● **Problem**
Two lines mark the range in the entries below: the one holding "Used 2023 Chevrolet" and the one holding "DIVERSE BESTICK, 6". Set down those two and all lines between them, exactly.

▼▼▼

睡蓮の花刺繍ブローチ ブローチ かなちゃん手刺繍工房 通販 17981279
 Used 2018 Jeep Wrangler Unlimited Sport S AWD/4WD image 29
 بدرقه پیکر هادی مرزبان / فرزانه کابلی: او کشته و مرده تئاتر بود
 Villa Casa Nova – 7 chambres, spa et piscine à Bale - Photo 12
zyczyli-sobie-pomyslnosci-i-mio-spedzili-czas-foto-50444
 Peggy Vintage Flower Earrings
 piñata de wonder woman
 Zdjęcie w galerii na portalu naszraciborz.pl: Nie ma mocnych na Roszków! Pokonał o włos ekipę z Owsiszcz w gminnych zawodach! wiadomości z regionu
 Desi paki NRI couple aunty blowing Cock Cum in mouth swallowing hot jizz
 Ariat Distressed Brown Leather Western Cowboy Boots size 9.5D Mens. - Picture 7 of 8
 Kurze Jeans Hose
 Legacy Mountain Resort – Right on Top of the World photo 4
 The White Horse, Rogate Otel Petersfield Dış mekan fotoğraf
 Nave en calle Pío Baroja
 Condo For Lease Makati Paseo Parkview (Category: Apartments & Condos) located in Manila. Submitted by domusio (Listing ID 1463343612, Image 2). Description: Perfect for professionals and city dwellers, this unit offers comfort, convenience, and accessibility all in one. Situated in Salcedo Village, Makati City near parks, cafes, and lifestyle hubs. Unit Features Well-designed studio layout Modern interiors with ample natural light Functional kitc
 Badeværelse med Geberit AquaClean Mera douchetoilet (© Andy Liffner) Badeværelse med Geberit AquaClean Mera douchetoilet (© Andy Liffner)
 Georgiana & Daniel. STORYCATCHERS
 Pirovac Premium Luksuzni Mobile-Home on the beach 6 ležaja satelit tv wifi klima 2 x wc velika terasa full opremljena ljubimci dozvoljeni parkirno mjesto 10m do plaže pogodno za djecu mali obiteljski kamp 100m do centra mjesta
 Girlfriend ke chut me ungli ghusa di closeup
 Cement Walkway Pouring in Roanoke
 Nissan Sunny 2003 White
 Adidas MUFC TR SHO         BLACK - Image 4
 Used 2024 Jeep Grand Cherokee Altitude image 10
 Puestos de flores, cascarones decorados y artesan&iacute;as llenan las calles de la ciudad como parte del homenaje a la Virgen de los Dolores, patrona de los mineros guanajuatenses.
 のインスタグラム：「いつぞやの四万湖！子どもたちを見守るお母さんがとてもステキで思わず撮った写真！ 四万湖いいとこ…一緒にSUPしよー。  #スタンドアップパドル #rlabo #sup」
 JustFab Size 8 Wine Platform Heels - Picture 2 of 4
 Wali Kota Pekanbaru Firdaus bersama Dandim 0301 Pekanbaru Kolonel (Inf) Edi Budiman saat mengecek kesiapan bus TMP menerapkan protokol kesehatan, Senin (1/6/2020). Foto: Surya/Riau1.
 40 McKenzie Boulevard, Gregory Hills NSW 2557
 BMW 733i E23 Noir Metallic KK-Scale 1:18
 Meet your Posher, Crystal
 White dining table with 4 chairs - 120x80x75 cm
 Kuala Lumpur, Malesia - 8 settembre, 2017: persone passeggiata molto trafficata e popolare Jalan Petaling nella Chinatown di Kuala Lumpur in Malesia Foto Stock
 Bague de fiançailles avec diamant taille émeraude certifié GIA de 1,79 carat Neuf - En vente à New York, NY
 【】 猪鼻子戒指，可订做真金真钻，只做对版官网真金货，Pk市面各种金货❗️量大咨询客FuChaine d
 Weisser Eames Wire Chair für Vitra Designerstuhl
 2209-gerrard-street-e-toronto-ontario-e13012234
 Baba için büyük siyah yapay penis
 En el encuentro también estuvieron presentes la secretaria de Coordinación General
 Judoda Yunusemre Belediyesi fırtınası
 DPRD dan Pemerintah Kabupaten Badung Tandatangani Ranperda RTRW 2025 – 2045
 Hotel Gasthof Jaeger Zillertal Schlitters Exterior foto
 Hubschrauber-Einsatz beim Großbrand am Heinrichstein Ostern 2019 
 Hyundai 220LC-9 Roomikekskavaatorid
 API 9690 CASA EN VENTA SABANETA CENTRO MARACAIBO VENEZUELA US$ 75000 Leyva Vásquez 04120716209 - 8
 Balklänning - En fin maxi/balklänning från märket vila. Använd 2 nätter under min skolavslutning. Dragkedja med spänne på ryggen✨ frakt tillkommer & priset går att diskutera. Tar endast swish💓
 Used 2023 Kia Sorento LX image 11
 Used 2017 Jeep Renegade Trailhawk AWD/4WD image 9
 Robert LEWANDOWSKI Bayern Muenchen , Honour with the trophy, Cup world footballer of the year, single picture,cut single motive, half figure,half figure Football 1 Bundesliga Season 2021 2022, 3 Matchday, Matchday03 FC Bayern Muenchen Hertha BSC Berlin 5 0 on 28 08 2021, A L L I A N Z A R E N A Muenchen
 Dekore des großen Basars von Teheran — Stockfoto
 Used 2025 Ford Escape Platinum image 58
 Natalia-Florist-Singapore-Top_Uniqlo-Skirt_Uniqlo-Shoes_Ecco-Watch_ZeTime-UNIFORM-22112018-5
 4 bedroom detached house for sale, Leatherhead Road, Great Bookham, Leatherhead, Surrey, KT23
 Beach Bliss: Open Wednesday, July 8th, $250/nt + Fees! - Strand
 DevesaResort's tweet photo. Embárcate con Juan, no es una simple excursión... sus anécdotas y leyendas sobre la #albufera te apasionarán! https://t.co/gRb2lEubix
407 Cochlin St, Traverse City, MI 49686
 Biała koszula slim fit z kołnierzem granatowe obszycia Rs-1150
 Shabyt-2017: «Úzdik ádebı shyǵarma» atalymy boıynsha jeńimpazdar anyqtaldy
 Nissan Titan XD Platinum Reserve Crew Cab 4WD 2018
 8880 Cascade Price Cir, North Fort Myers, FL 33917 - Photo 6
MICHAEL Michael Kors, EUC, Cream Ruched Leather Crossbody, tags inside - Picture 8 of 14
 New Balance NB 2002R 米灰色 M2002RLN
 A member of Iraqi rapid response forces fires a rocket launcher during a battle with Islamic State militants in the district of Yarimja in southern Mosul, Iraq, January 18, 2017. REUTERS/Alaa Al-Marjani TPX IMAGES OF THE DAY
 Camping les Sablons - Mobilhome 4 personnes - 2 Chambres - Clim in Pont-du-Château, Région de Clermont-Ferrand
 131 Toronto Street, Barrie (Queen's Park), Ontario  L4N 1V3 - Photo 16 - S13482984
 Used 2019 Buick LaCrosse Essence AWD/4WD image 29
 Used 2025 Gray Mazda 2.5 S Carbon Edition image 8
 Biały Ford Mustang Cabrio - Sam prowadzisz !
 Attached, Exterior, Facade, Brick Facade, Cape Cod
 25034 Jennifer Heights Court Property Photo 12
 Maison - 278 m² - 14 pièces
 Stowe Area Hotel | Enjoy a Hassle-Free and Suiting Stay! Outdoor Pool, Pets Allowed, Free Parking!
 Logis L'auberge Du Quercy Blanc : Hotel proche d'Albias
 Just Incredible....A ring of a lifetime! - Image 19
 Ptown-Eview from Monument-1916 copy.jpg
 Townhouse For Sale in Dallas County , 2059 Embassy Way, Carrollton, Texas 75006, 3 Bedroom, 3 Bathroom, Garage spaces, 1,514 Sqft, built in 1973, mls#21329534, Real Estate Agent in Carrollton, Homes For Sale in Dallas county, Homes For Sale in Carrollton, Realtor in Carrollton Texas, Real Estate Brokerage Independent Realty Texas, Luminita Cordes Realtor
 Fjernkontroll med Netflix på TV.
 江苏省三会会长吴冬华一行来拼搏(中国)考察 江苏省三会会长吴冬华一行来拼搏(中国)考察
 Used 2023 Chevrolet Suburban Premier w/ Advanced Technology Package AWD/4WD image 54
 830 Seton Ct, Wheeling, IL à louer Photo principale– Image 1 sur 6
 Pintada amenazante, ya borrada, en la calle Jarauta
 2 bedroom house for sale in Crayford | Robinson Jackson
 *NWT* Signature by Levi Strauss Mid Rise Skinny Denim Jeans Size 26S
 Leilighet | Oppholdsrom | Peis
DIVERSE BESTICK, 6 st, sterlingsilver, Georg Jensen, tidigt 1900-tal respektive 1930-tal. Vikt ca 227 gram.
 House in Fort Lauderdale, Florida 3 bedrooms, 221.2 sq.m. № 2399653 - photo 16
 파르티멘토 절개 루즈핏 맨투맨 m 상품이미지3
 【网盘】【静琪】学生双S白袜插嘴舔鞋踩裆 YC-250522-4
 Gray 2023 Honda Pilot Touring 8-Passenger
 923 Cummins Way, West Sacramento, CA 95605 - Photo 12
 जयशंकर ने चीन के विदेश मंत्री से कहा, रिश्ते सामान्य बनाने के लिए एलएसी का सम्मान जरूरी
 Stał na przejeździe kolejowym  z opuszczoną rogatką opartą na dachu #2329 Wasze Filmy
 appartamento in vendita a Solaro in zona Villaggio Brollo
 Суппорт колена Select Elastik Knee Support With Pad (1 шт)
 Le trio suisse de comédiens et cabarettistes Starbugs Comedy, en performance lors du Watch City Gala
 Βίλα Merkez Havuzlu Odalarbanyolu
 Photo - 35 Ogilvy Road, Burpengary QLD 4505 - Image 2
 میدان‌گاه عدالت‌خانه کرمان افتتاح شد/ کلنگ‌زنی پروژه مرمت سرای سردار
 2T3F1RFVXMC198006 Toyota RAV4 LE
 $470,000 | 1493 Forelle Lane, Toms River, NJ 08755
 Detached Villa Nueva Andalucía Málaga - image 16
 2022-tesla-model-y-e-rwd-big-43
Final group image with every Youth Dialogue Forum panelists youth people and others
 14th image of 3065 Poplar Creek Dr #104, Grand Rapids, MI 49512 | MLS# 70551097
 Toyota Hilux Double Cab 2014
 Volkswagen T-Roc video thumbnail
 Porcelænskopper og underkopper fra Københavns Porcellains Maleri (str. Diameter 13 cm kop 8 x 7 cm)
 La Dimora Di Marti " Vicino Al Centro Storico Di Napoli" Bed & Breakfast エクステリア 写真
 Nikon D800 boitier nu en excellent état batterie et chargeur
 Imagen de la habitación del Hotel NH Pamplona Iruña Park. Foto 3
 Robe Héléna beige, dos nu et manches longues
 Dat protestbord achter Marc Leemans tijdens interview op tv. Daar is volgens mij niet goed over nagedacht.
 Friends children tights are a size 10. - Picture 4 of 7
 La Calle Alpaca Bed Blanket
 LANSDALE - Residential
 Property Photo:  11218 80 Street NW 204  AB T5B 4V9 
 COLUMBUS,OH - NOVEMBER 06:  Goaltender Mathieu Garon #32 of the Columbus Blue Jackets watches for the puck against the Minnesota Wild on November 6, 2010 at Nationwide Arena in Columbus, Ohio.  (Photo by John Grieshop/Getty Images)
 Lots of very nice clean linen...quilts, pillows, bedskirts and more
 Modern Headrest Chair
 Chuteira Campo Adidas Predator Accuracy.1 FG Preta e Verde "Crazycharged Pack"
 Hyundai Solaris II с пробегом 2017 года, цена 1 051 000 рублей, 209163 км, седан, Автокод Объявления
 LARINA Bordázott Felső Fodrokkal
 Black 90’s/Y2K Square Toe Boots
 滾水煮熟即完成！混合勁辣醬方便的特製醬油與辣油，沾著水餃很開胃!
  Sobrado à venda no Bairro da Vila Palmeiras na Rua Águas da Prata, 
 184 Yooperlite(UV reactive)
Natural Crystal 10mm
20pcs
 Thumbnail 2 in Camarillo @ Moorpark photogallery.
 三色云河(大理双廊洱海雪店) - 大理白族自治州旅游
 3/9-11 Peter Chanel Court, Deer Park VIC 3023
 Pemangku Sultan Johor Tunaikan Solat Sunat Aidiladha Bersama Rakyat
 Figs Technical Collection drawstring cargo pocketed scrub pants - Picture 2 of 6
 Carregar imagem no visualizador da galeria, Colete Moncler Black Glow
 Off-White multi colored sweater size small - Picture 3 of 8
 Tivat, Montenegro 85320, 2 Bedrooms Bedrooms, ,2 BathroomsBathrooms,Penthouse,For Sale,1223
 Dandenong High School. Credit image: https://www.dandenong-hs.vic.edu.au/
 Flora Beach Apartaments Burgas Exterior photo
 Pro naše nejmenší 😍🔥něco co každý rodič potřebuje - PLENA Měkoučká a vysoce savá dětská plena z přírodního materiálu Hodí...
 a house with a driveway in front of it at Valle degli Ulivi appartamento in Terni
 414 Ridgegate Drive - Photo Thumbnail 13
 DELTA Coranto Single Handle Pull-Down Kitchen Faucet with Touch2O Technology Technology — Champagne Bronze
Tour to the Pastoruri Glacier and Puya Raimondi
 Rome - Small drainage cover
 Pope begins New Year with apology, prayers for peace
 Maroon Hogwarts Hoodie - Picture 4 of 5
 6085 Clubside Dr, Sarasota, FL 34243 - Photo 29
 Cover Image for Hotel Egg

▲▲▲

● **Solution to this problem**
 Used 2023 Chevrolet Suburban Premier w/ Advanced Technology Package AWD/4WD image 54
 830 Seton Ct, Wheeling, IL à louer Photo principale– Image 1 sur 6
 Pintada amenazante, ya borrada, en la calle Jarauta
 2 bedroom house for sale in Crayford | Robinson Jackson
 *NWT* Signature by Levi Strauss Mid Rise Skinny Denim Jeans Size 26S
 Leilighet | Oppholdsrom | Peis
DIVERSE BESTICK, 6 st, sterlingsilver, Georg Jensen, tidigt 1900-tal respektive 1930-tal. Vikt ca 227 gram.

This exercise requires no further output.